Cannes 2021: Flag Day, Compartment No. 6, The Divide | Festivals & Awards


Sean and Dylan Penn’s scenes together are the heart of the film, and watching the two of them converse, you see one actor having a breakthrough—and it isn’t Sean. Covering a range of ages and phases in Jennifer’s life, Dylan proves to be a moving and multifaceted performer. It’s a pity she’s playing opposite her dad, who badly needs a director to say no to every smirk and raised eyebrow; with each tic, he undermines his own material. He may well have been going for a sleazy-salesman vibe, but in close-up he looks more like a vivified chunk of leather with facial hair (and a distracting succession of ‘dos).

Despite a striking, mildly grainy look (it was shot on film), the style of “Flag Day” is also all over the map. It’s possible the 1975 scenes are supposed to reflect Jennifer’s idealization of her childhood, but the way Penn interweaves rural scenery and overwritten voice-over, they play more like his attempt to remake “Days of Heaven.” This not the context for that brand of poetry.

Also in competition, “Compartment No. 6” is the Finnish director Juho Kuosmanen’s first feature since “The Happiest Day in the Life of Olli Maki,” which won the top prize in the festival’s Un Certain Regard section in 2016. But it takes place not in Finland but in Russia, where Laura (Seidi Haarla), a Finnish student with an interest in archaeology, is living in Moscow. She’s supposed to take a trip to see the petroglyphs in Murmansk with her landlord and lover, Irina (Dinara Drukarova), who pointedly introduces Laura to others as her “Finnish friend.” But Irina decides to stay behind. Whenever Laura calls her from stops along the slow-moving journey (it’s still the payphone era), Irina is bad about picking up, or quick to get off the phone. There is giving your girlfriend a hint, and then there is literally shipping her off to the Arctic Circle.

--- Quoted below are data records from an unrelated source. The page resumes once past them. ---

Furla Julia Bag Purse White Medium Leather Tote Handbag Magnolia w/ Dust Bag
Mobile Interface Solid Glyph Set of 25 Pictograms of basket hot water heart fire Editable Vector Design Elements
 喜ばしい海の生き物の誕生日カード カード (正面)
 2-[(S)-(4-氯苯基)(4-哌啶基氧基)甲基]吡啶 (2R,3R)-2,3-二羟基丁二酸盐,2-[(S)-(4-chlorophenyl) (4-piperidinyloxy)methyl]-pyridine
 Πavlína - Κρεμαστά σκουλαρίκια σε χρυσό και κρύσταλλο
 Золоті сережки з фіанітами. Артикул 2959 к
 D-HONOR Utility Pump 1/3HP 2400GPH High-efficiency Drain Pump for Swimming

Laura ends up sharing a train compartment with Ljoha (Yuriy Borisov), a boisterous, ribald miner who appears as mismatched with her as he could possibly be. He’s going to Murmansk for work and doesn’t comprehend her desire to go to such a remote place to see rock carvings. And from this setup, you might expect “Compartment No. 6” to turn into an odd-couple comedy. What’s initially frustrating, and ultimately endearing, about the film is that it refuses to go that route, or even to be especially funny. Kuosmanen is after something more bittersweet and elusive, a story of two people who learn to trust each other because they are given the time do so—and because there are few others who have the patience for them.